┌────────

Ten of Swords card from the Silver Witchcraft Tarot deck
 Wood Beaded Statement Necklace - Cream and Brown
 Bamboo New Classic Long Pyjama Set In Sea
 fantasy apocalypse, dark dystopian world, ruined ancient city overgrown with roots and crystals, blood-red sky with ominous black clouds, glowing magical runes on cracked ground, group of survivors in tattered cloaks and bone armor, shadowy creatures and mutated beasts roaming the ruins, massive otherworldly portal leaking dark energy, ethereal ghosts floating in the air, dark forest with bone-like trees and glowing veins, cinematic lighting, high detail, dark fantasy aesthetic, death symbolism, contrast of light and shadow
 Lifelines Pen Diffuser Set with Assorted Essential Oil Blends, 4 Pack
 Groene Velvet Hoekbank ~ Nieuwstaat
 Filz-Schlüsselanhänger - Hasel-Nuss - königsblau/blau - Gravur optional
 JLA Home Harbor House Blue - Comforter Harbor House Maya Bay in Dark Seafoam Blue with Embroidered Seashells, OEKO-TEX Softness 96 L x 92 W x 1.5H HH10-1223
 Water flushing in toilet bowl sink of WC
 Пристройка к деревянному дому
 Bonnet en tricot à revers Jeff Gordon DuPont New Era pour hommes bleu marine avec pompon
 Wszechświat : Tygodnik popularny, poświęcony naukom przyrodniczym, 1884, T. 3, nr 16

└────────

YOUR TASK ▸
Please copy exactly, and only, the lines running from the one containing "Groene Velvet Hoekbank ~ Nieuwstaat" through the end of the listing.

RESULT OF THIS EXERCISE ▸
 Groene Velvet Hoekbank ~ Nieuwstaat
 Filz-Schlüsselanhänger - Hasel-Nuss - königsblau/blau - Gravur optional
 JLA Home Harbor House Blue - Comforter Harbor House Maya Bay in Dark Seafoam Blue with Embroidered Seashells, OEKO-TEX Softness 96 L x 92 W x 1.5H HH10-1223
 Water flushing in toilet bowl sink of WC
 Пристройка к деревянному дому
 Bonnet en tricot à revers Jeff Gordon DuPont New Era pour hommes bleu marine avec pompon
 Wszechświat : Tygodnik popularny, poświęcony naukom przyrodniczym, 1884, T. 3, nr 16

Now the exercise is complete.